##  Aggregations



### Step 1: Initialize PySpark Session


In [9]:
from pyspark.sql import SparkSession
from pyspark.sql.functions import col, count, when, lit , avg, coalesce , struct,array , explode, create_map,approx_count_distinct,sumDistinct, sum, mean
from pyspark.sql.types import StructType, StructField, StringType, IntegerType, FloatType

# Create a Spark session
spark = SparkSession.builder.appName("day4").getOrCreate()


In [3]:
# Load the Chipotle dataset into a Spark DataFrame
data_path = "./US_Crime_Rates_1960_2014.csv"  # Replace with the actual path
US_df = spark.read.csv(data_path, header=True, inferSchema=True)

# Load the Chipotle dataset into a Spark DataFrame
data_path = "./titanic.csv"  # Replace with the actual path
titanic_df = spark.read.csv(data_path, header=True, inferSchema=True)

In [12]:
#creating a temporary view for the "US_df" DataFrame
US_df.createOrReplaceTempView("us_data")

In [4]:
US_df.printSchema()

root
 |-- Year: integer (nullable = true)
 |-- Population: integer (nullable = true)
 |-- Total: integer (nullable = true)
 |-- Violent: integer (nullable = true)
 |-- Property: integer (nullable = true)
 |-- Murder: integer (nullable = true)
 |-- Forcible_Rape: integer (nullable = true)
 |-- Robbery: integer (nullable = true)
 |-- Aggravated_assault: integer (nullable = true)
 |-- Burglary: integer (nullable = true)
 |-- Larceny_Theft: integer (nullable = true)
 |-- Vehicle_Theft: integer (nullable = true)



In [5]:
titanic_df.printSchema()

root
 |-- PassengerId: integer (nullable = true)
 |-- Survived: integer (nullable = true)
 |-- Pclass: integer (nullable = true)
 |-- Name: string (nullable = true)
 |-- Sex: string (nullable = true)
 |-- Age: double (nullable = true)
 |-- SibSp: integer (nullable = true)
 |-- Parch: integer (nullable = true)
 |-- Ticket: string (nullable = true)
 |-- Fare: double (nullable = true)
 |-- Cabin: string (nullable = true)
 |-- Embarked: string (nullable = true)



### count

Question: How many records are there in the US_Crime_Rates_1960_2014_df DataFrame?

In [15]:
#counting the number of records in the "US_df" DataFrame
record_count = spark.sql("SELECT COUNT(*) AS record_count FROM us_data")
result = record_count.first()

# Extract the count from the result
count = result['record_count']
print("Number of records:", count)

Number of records: 55


### countDistinct
Question: How many distinct years are present in the US_Crime_Rates_1960_2014_df DataFrame?
Answer:

In [20]:
#counting the number of distinct years in the dataframe
distinct_years_count = spark.sql("SELECT COUNT(DISTINCT Year) AS distinct_years_count FROM us_data")
result = distinct_years_count.first()

#extracting the count from the result
count = result['distinct_years_count']
print("Number of distinct years:", count)

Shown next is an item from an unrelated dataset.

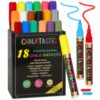 CHALK MARKERS By FANTASTIC MEGA 18 Pack, BEST Art, Menu Board Bistro Boards - Glass & Window Paint Marker Pens - Reversible 6mm Fine or Chisel Tip Classic - 18 Pack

Number of distinct years: 55


### approx_count_distinct

Question: Estimate the approximate number of distinct values in the "Total" column of the US_Crime_Rates_1960_2014_df DataFrame.

In [23]:
#estimating the approximate number of distinct values in the "Total" column
approx_distinct_count = spark.sql("SELECT approx_count_distinct(Total) AS approx_distinct_total FROM us_data")
result = approx_distinct_count.first()

#extracting
#  the estimated count from the result
approx_count = result['approx_distinct_total']
print("Approximate distinct values in 'Total' column:", approx_count)

Approximate distinct values in 'Total' column: 55


###  first and last

Question: Find the first and last year in the US_Crime_Rates_1960_2014_df DataFrame.

In [27]:
#finding the first and last year in the dataframe
year_stats = spark.sql("""
    SELECT MIN(Year) AS first_year, MAX(Year) AS last_year
    FROM us_data
""")
result = year_stats.first()

#extracting the first and last year from the result
first_year = result['first_year']
last_year = result['last_year']

print("First year:", first_year)
print("Last year:", last_year)

First year: 1960
Last year: 2014


### min and max

Question: Find the minimum and maximum population values in the US_Crime_Rates_1960_2014_df DataFrame.

In [26]:
#finding the minimum and maximum population values in the dataframe
population_stats = spark.sql("""
    SELECT MIN(Population) AS min_population, MAX(Population) AS max_population
    FROM us_data
""")
result = population_stats.first()

#extracting the minimum and maximum population values from the result
min_population = result['min_population']
max_population = result['max_population']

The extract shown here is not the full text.